A total of 82 patients were included; 15 aquaporin-4 antibody-positive neuromyelitis optica spectrum disorder patients (NMOSD), and 67 other patients, considered as the other causes of myelopathy (OM) group. The specificity of axial-BSLs for NMOSD patients was 94.0% (95% CI [85.6 to 97.7]). The sensitivity was 40.0% (95% CI [19.8 to 64.3]). In the multivariable analysis, the only MRI characteristic associated with AQP4-IgG positivity was the presence of axial-BSLs (OR: 9.2, 95% CI [1.2 to 72.9]; P=0.022). In NMOSD patients, the median of cord expansion ratio was higher with axial-BSL (1.2, IQR [1.1-1.3]) than without axial-BSL (1.1, IQR [1.0-1.2]; P=0.046).
After a first acute spinal cord syndrome, the presence of axial-BSLs on spinal cord MRI seems very specific for NMOSD and seems to be a predictor radiological marker of AQP4-IgG positivity.

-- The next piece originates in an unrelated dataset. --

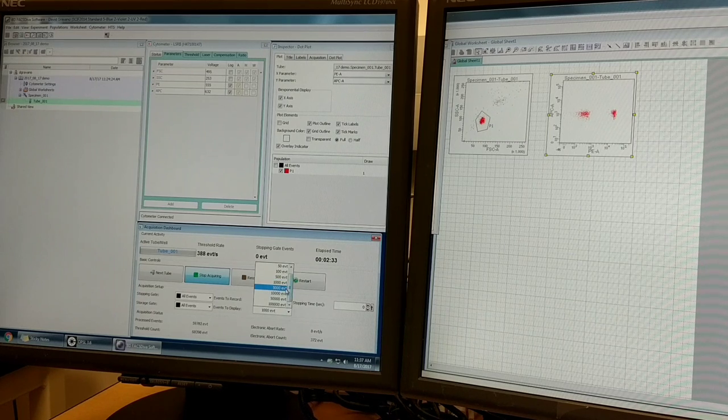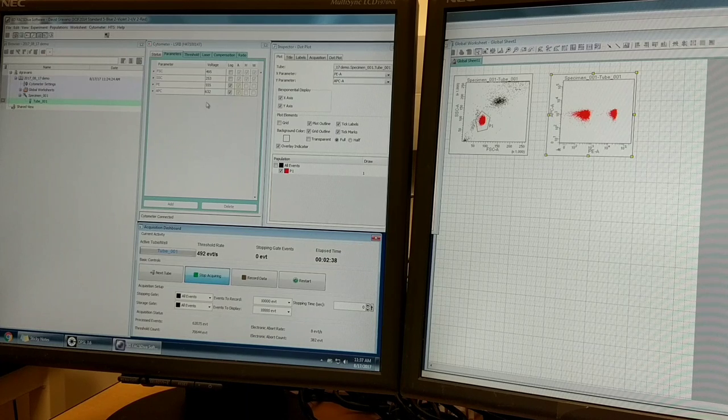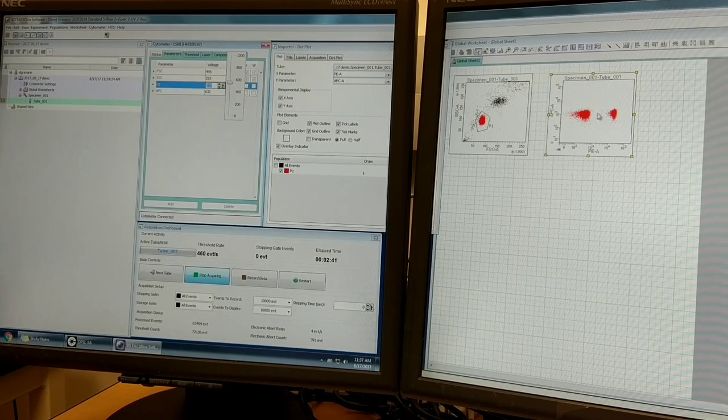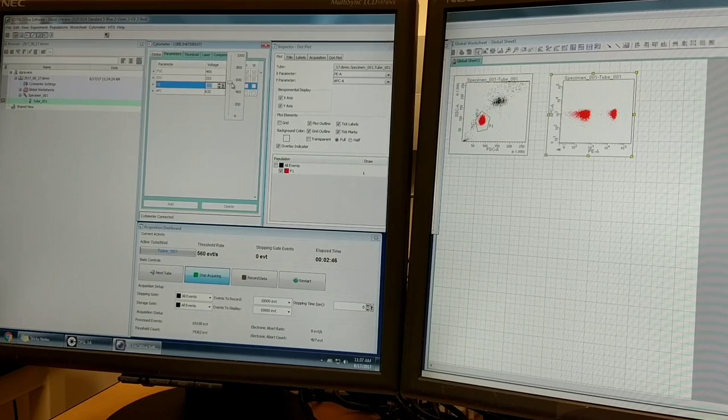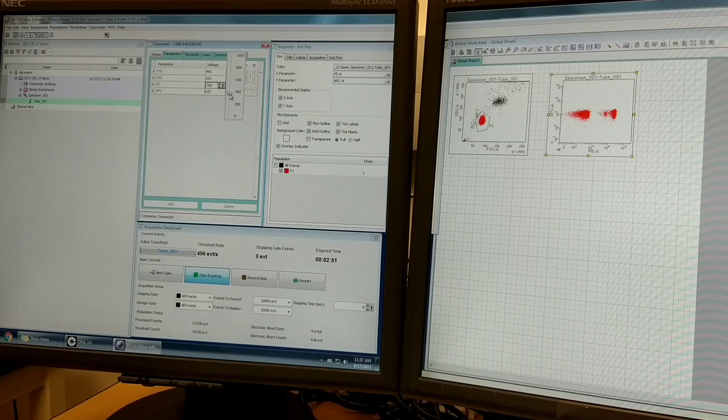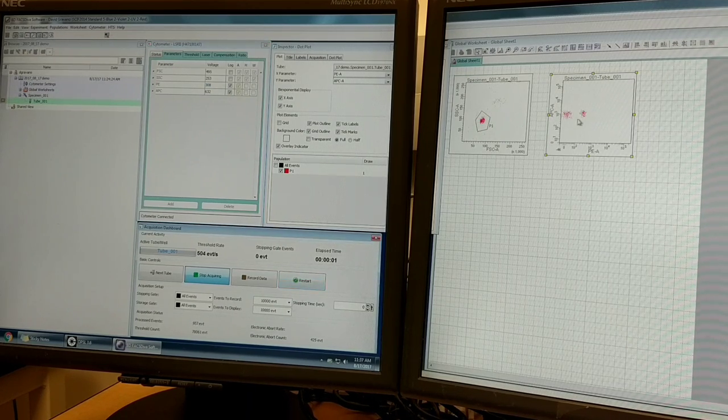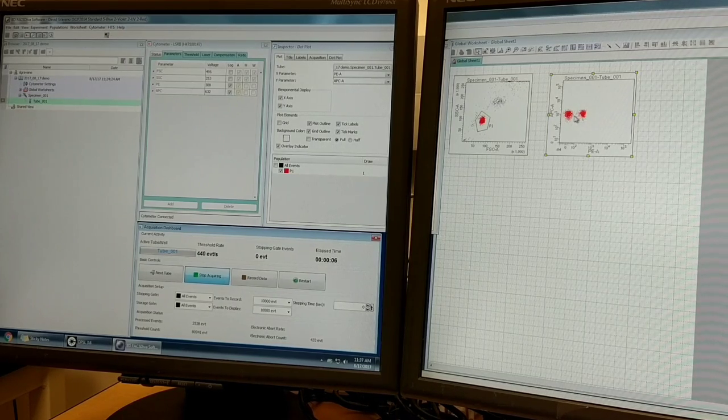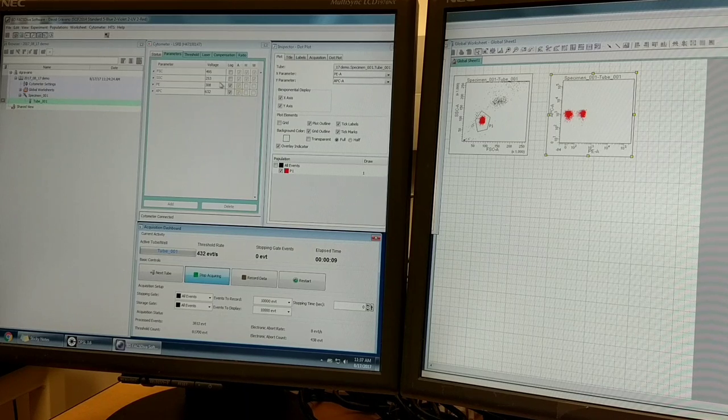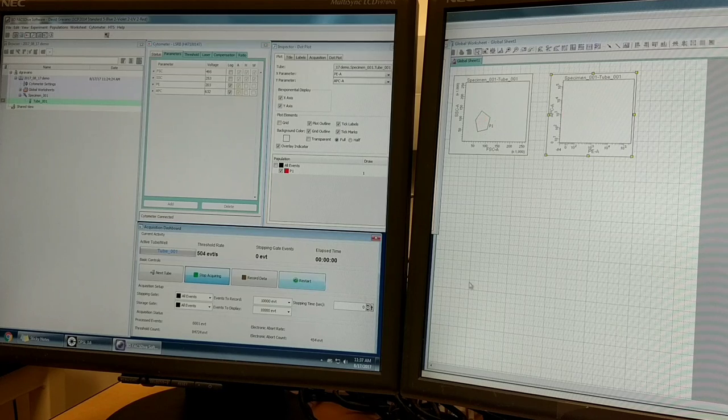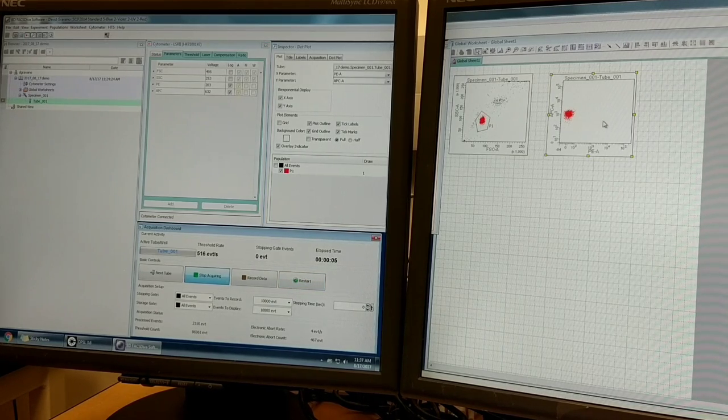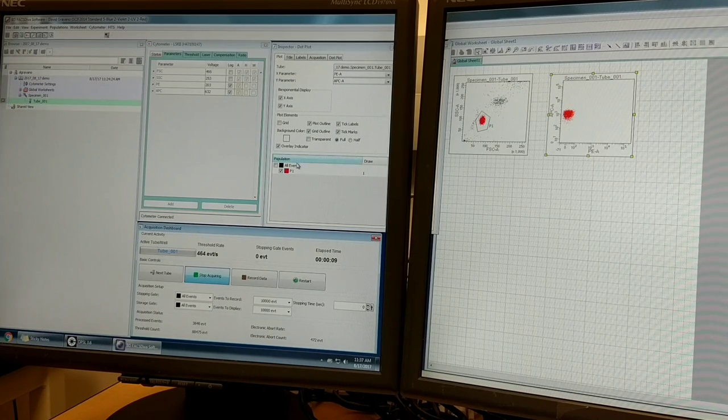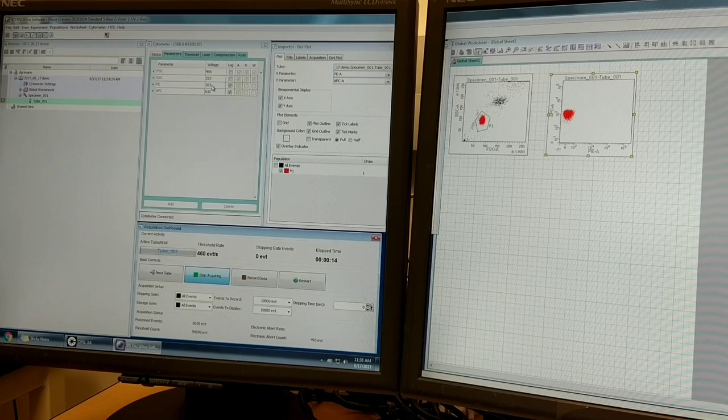Now what I want to do is adjust this PE voltage where the difference between these two is the greatest and I have reasonably low background. Let me show you an example of a setting that's too low. Let's say I set this to 300. Now you can see the background is extremely low, but the positive is not extremely positive and there's not great separation. Let me go to an even further extreme - let's set this to 200. You're going to see now that there is no separation of PE. Even though there are PE-labeled beads in here, you can't see any difference between unstained and PE-labeled beads. This would be an extremely bad situation.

确定水通道蛋白-4 抗体阳性视神经脊髓炎谱系障碍(NMOSD)中亮点病变(BSL)的诊断价值、轴位 BSL 对 AQP4-IgG 阳性的预测价值,以及有无轴位 BSL 的 NMOSD 患者的放射临床差异。
回顾性研究纳入了 2005 年至 2018 年期间年龄≥16 岁、首次出现急性脊髓综合征的患者,并对其进行了异常的脊髓 MRI 轴位和矢状 T2 序列检查。排除了 MRI 结果与压迫性脊髓病相符的患者。由 2 名放射科医生对所有脊髓 MRI 进行回顾性评估,以评估存在 BSL 的情况,这 2 名医生对急性脊髓病的诊断均不知情。
共纳入 82 例患者;其中 15 例为水通道蛋白-4 抗体阳性 NMOSD 患者,67 例为其他被认为是脊髓病原因的患者(OM 组)。轴位 BSL 对 NMOSD 患者的特异性为 94.0%(95%CI [85.6 至 97.7])。敏感性为 40.0%(95%CI [19.8 至 64.3])。在多变量分析中,唯一与 AQP4-IgG 阳性相关的 MRI 特征是存在轴位 BSL(OR:9.2,95%CI [1.2 至 72.9];P=0.022)。在 NMOSD 患者中,轴位 BSL 存在的脊髓扩张比中位数较高(1.2,IQR [1.1-1.3]),而不存在轴位 BSL 的脊髓扩张比中位数较低(1.1,IQR [1.0-1.2];P=0.046)。
在首次出现急性脊髓综合征后,脊髓 MRI 上存在轴位 BSL 似乎对 NMOSD 非常特异,并且似乎是 AQP4-IgG 阳性的预测性放射学标志物。